Николай Иванович Кузнецов родился 27 июля 1911 года в уральской деревушке Зырянка Камышловского уезда Пермской губернии, что в 225 километрах от Екатеринбурга. В школе Ника учился легко: имея редкостную память, за вечер способен был выучить наизусть столько стихотворений, сколько успевал прочесть. Мысли выражал четко, слов-паразитов не употреблял, никогда не сквернословил. Этим Ника был обязан строгим нравам своей старообрядческой семье и сотням прочитанных книг – времени для общения с героями романов Федора Достоевского и Джека Лондона он не жалел.
В 1924 году Николай Кузнецов, чтобы получить аттестат зрелости, перебрался в город Талица. Там и обнаружилось его лингвистическое дарование. Увидев в городской библиотеке книги иностранных классиков (были экспроприированы у местного владельца спиртового завода и выставлены на общее обозрение из-за богатых кожаных переплетов), он решил прочесть их в оригинале. Английский и французский языки освоил по самоучителю. Общаясь со школьной учительницей, выросшей в немецком кантоне Швейцарии, и с военнопленными немцами, осевшими в Талице после Первой мировой войны, легко овладел шестью диалектами немецкого языка.
Талантливый человек талантлив во всем: феномен уральского самородка не ограничился его уникальными способностями к языкам. Юный полиглот блестяще выступал в школьном театре. Ярким событием для всей округи стала сыгранная им роль комиссара Кошкина из известной пьесы Константина Тренева «Любовь Яровая». На сцене впервые обнажились базовые черты личности Кузнецова: способность мгновенно перевоплощаться, гипнотическое обаяние, азартность, решительность и готовность к самопожертвованию.
В 1926 году Кузнецов поступил в Талицкий лесной техникум, окончив его, приступил к работе лесничим в Земельном управлении города Кудымкар Коми-Пермяцкого национального округа. Его друзья несказанно удивились бы, узнав, что их Ника, член кружка любителей театра и политграмоты, призер лыжных и стрелковых соревнований, изучает труднейший коми-пермяцкий язык. Что, кстати, являлось характерной чертой Кузнецова: в нем своеобразно сочетались общительность и скрытность, граничащая с замкнутостью.
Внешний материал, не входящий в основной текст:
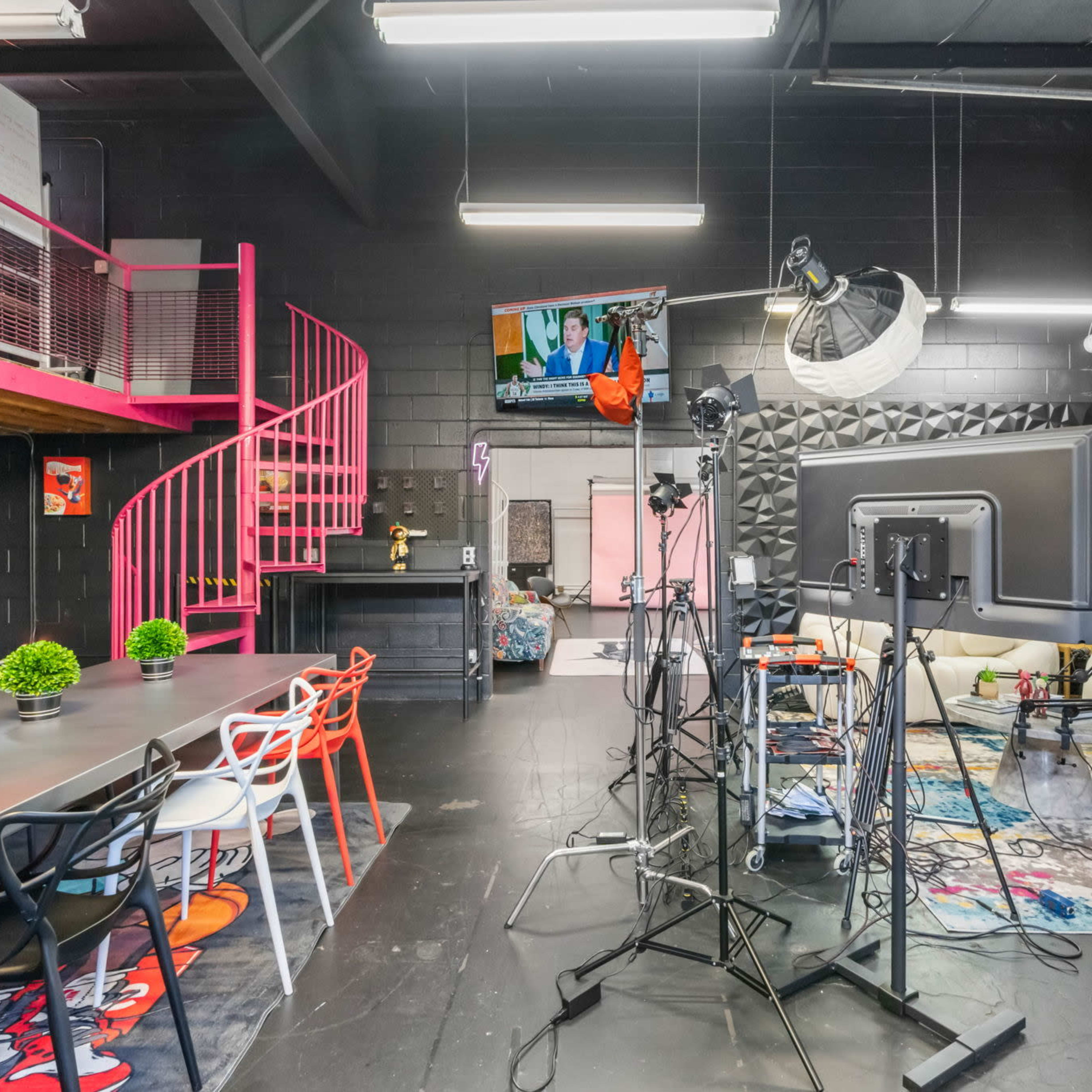 A modern studio space featuring a spiral staircase, a large screen on the wall, and various equipment set up for filming or recording.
2 декабря 1930 года в Кудымкарском ЗАГСе Кузнецов зарегистрировал брак с медсестрой Еленой Чугаевой, но через три месяца супруги расстались. Еще один крутой поворот в жизни Николая случился, наполнив ее новым смыслом, после нападения «черных лесорубов». Жизнь ему спас табельный револьвер. Показания местным чекистам Николай давал на их родном – коми-пермяцком языке. И они не преминули пополнить свой запас агентов русским парнем, свободно владеющим их родной речью. Войдя в райотдел лесничим, Кузнецов вышел оттуда секретным сотрудником под кодовым именем Кулик.
В 1934 году Кузнецов переехал в Свердловск. Работая в КБ «Уралмаша», одновременно учился на вечернем отделении Уральского индустриального института. Под псевдонимами Ученый и Колонист по заданию областного управления НКВД изучал связи работавших на заводе немецких специалистов с военной разведкой Германии – Абвером.
Кстати, когда в ходе горбачевской перестройки были рассекречены данные о негласном сотрудничестве Кузнецова с органами госбезопасности, псевдоним Колонист сыграл злую шутку с некоторыми центральными СМИ. Кто-то из репортеров состряпал, а все остальные бездумно распространили «эксклюзив»: «Разведчик-то наш вовсе и не Кузнецов Николай Иванович, а Николас Иоаннович Шмидт, выходец из немецкой колонии в Саратовской области. Отсюда и фамилия Кузнецов («кузнец» по-немецки – «шмидт»), и свободное владение немецким языком, и псевдоним Колонист!»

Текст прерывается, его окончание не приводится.